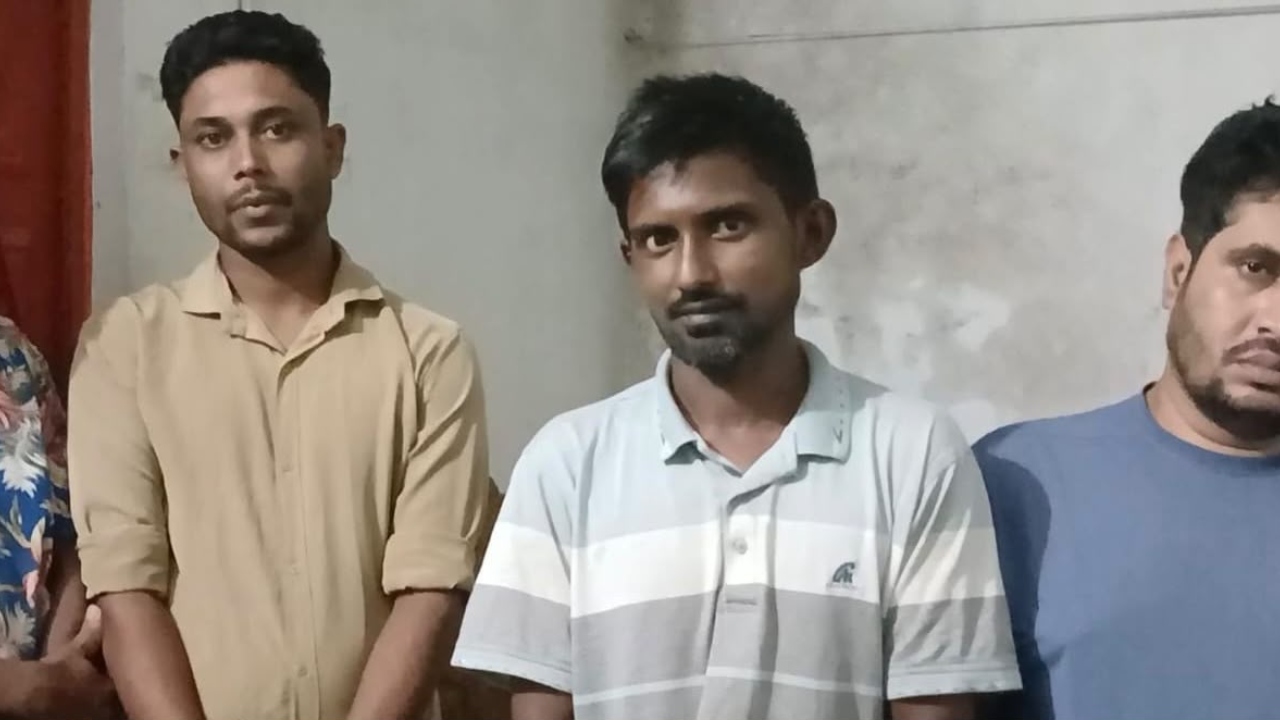 মঠবাড়িয়ায় ইয়াবা সেবনের সময় ছাত্রদল-স্বেচ্ছাসেবক দলের দুই নেতাসহ গ্রেপ্তার ৪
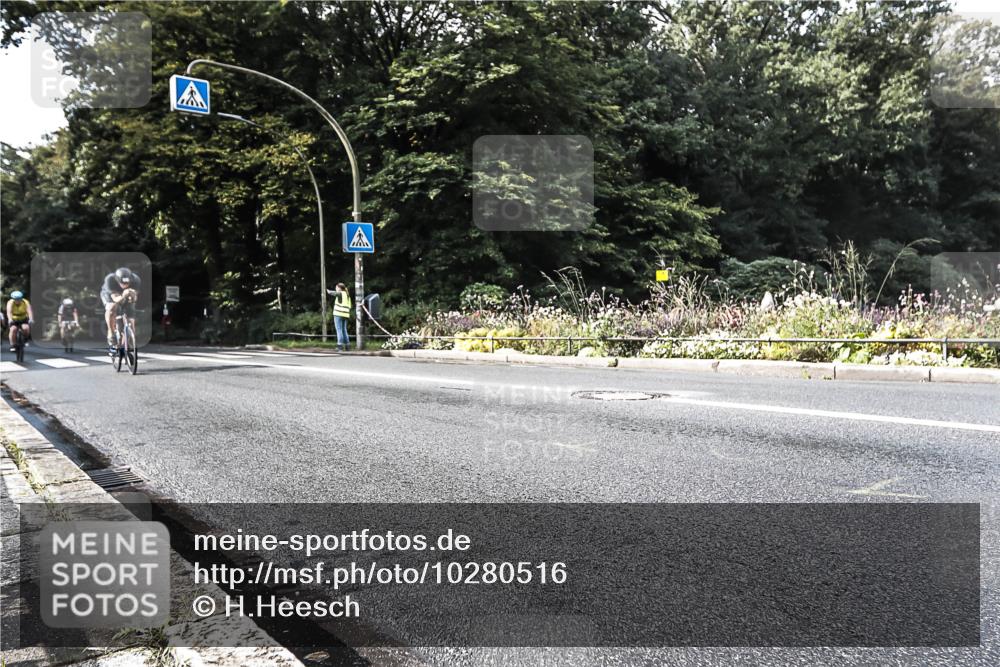13.09.2026 - Stadtparktriathlon H.Heesch http://msf.ph/oto/10280516 13.09.2026 10:43:16 Radfahren 465, 508, 539, 777 meine-sportfotos.de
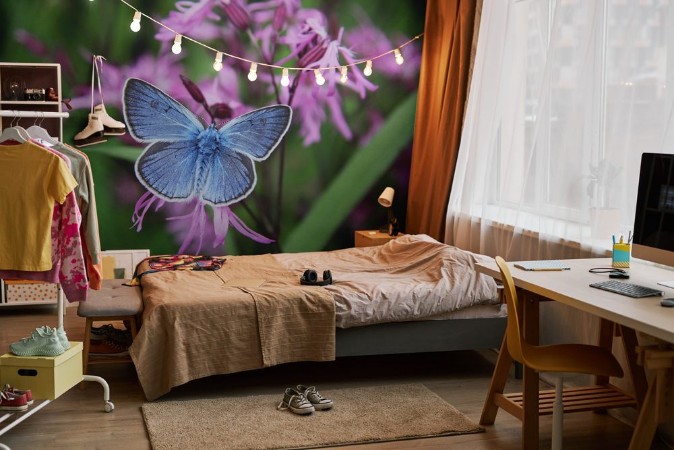 Afbeeldingen van Beautiful blue butterfly on pink flowers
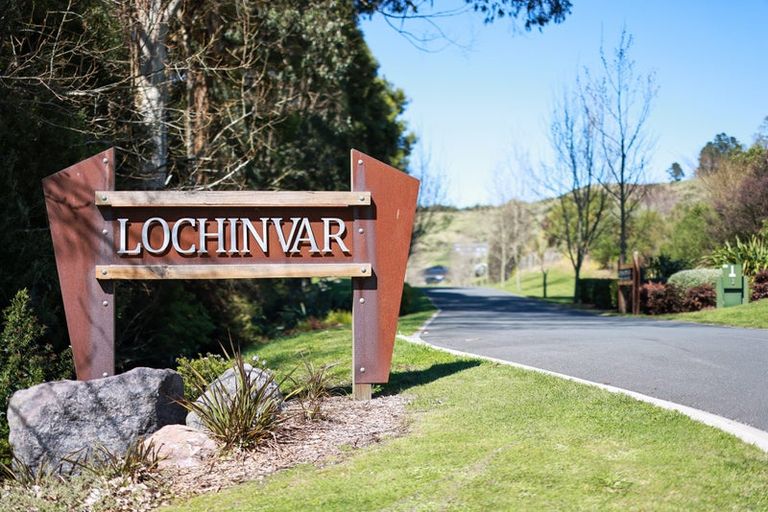 Photo of property in 17 Lochinvar Lane, Acacia Bay, 3385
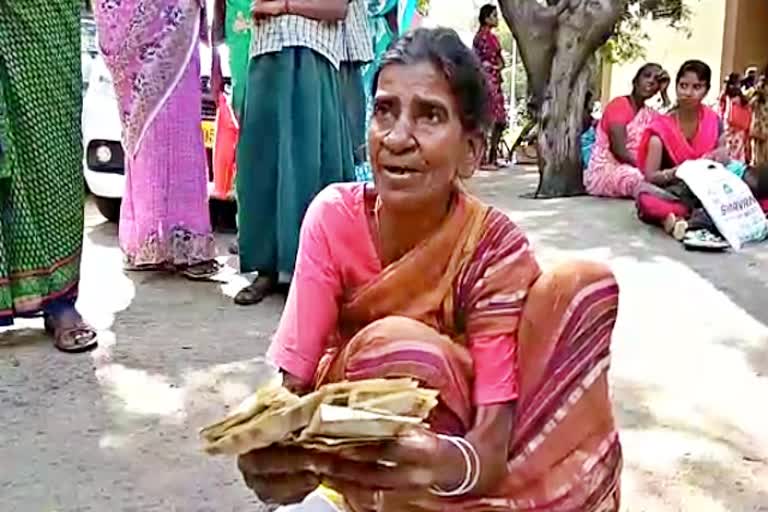 old bank notes, old lady with old bank notes, old lady unable to replace banknotes in vellore, பழைய ரூபாய் நோட்டுகளை மாற்ற முடியாமல் தவிக்கும் மூதாட்டி, 12ஆயிரம் ரூபாய் பழைய நோட்டுகள்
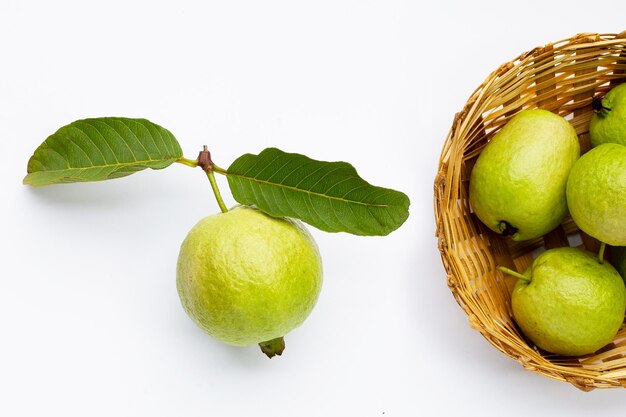 guava fresca su sfondo bianco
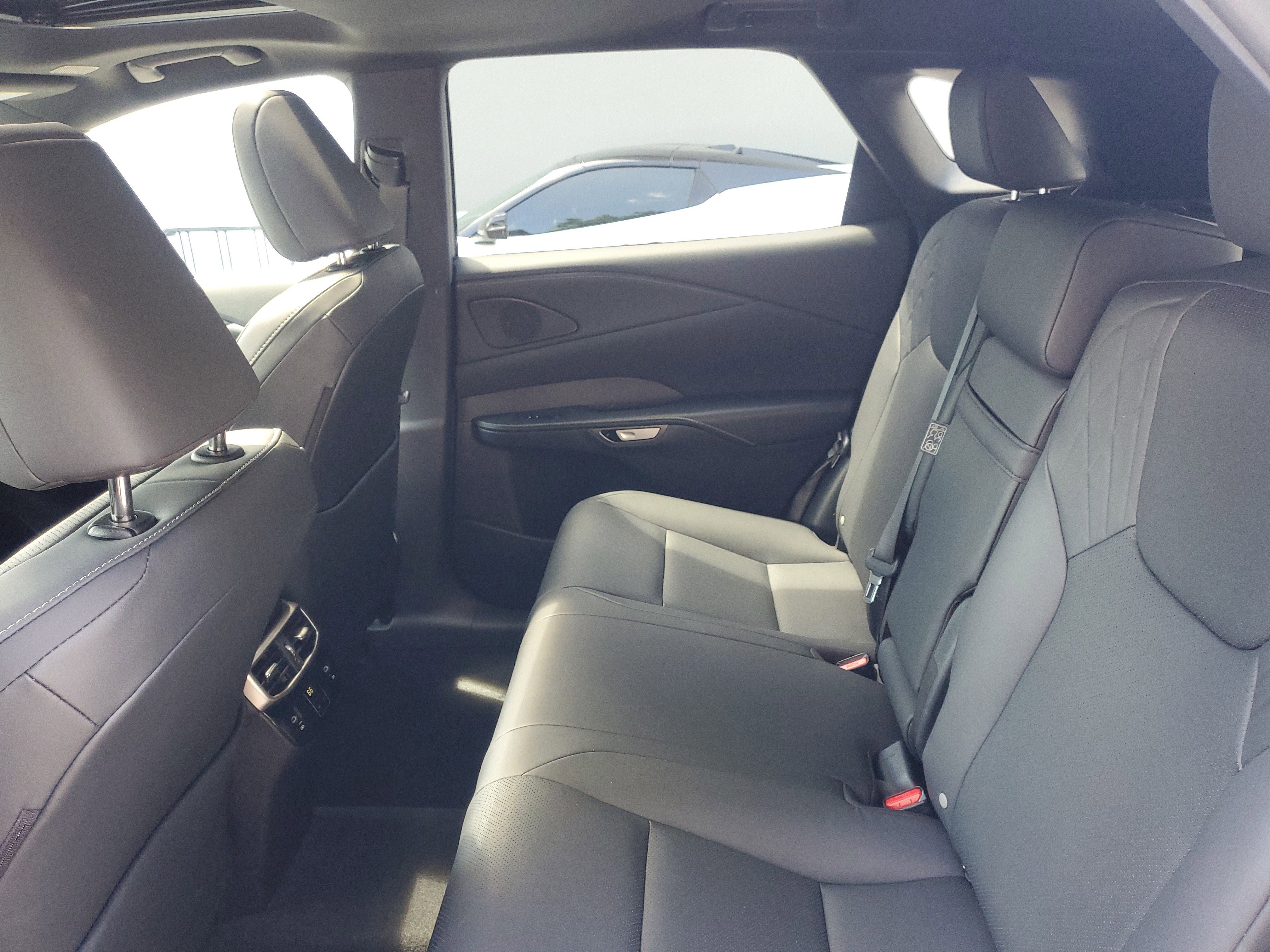 Used 2025 Lexus RX 350 Premium FWD image 11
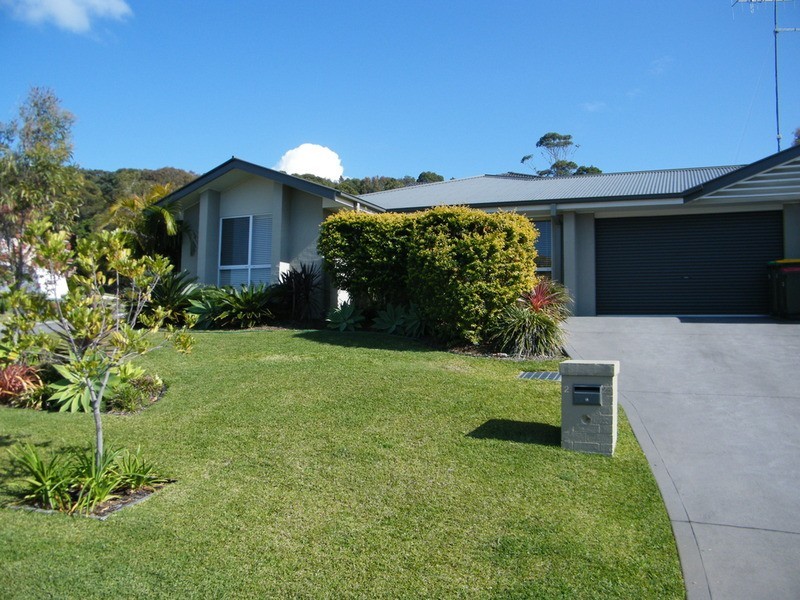 2/25 Pioneer Drive, Forster NSW 2428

..............................

- **Your goal**
Skip the pictures. Please copy exactly the lines from the one with "guava fresca su sfondo bianco" through the final line of the material above, both ends included.

- **Answer box**
 guava fresca su sfondo bianco
 Used 2025 Lexus RX 350 Premium FWD image 11
 2/25 Pioneer Drive, Forster NSW 2428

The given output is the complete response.